In order to better understand the topic of validating microbiological methods, it is first necessary to define which types of microbiological methods are available. As a rule, one differentiates between three different variants, whereby these can also be combined:
a) Qualitative tests:
Qualitative microbiological testing is about checking for the presence of microorganisms in a sample. An example is sterility testing (e.g. according to USP <71> or EP 2.6.1). In general, the procedure is such that a specified portion of the sample is added either in broth as liquid medium or on a solid nutrient medium. The growth of potential germs can be detected after appropriate incubation based on turbidity of the liquid medium or by colony-forming units on the solid medium.
b) Quantitative tests:
Quantitative testing is not just about detecting microorganisms in a sample, but to find out in what quantity. An example is an enumeration test for living germs (according to USP <61> or EP 2.6.12) or flow cytometry.

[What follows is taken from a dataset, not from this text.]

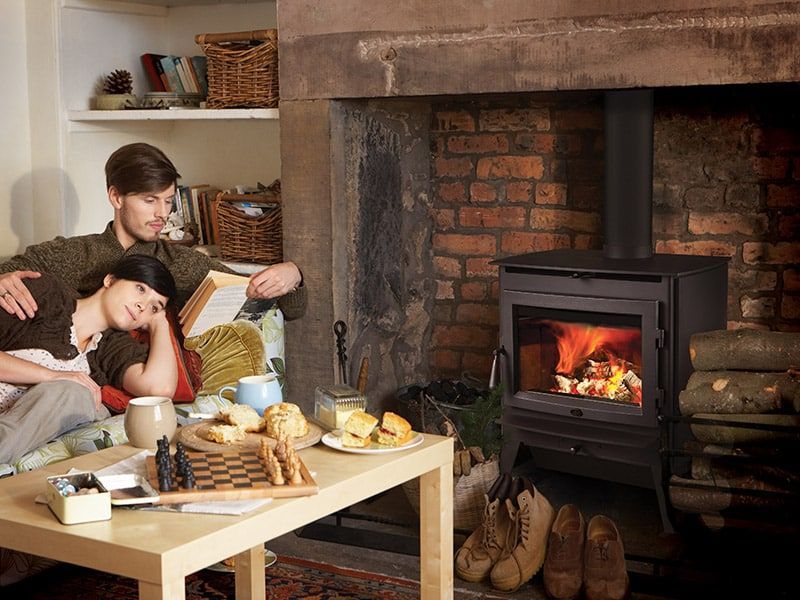 A man and a woman are sitting in front of a fireplace.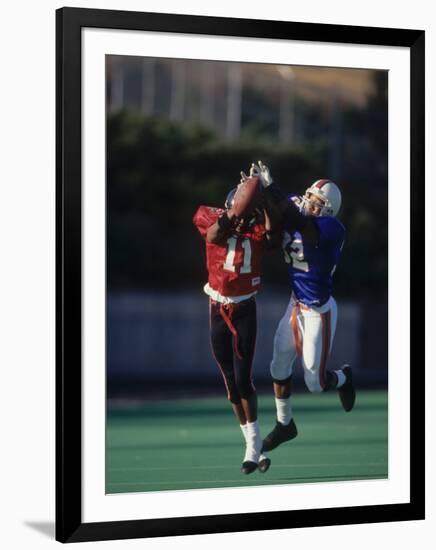 American Football Player Reaching for the Ball-null-Framed Photographic Print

c) Tests for identification:
In these tests, the presence of specific microorganisms is determined. Usually, biochemical test procedures are employed for this purpose. Different properties of the microorganisms such as morphological features (size, appearance or gram behavior) are investigated. Furthermore, physiological properties are considered and certain active enzymes in the bacterium are estimated to be determined. Additionally, for identification, DNA sequence or cell wall structure analysis can be performed.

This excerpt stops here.